During a routine investigation into a passport request from one Gerda Munsinger in 1960, it was discovered that her maiden name was Heseler and that she had been denied an immigration visa to visit Canada in 1952. It was also revealed that she had affairs with several important cabinet ministers in the Diefenbaker government. Sevigny was named in the report. The RCMP brought the report to the attention of Minister of Justice Davie Fulton who immediately showed it to Diefenbaker. Sevigny was called to explain his relationship. Diefenbaker instructed Sevigny to break off the liaison, and deemed the matter closed.

The affair resurfaced in 1966 when then Justice Minister Lucien Cardin (under Lester Pearson) was pressed to explain government action of the George Victor Spencer affair in the House of Commons by shouting out "What about Monseignor". referring to Gerda Munsinger. The original file had been altered to reflect a security issue. It described Munsinger as being a prostitute and alleged spy and had remained under wraps for 17 months in Lester B. Pearson's office. Cardin's goal was to deflect the nation's attention from the Dupuis, Favreau and Spencer scandals besetting Pearson's weak leadership.

A Royal Commission, chaired by Justice Wishart Spence, was called by the government of Lester Pearson into the Munsinger Affair. The inquiry chastised Sévigny for his behavior and criticized Diefenbaker for leniency towards his Ministers, but absolved Sévigny of any guilt relating to any breach of security.

In 1967, he started teaching business administration at Concordia University, eventually becoming executive-in-residence in 1982. He retired in 1995, but returned two years later as a visiting assistant professor.

In 1971, he ran for the leadership of the provincial Union Nationale party.

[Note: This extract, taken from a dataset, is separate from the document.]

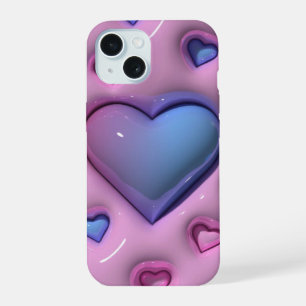 Étui téléphonique 3D Jelly Large Love Heart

He placed last of four candidates on the first ballot, with 26 of the 1,205 votes cast, and was eliminated from subsequent ballots.

In 1978, Sévigny and Camil Samson founded the short-lived political party Les Démocrates in Quebec which became the Parti démocrate créditiste before dissolving after Samson left to join the Quebec Liberals and the party, led now by Sévigny, was unable to field a slate of 10 candidates and dissolved prior to the 1981 Quebec election.

Sévigny was made an Officer of the Order of Canada in 1994 during the tenure of Jean Chrétien.

He died in Montreal in 2004.

== Archives ==
There is a Pierre Sévigny fonds at Library and Archives Canada.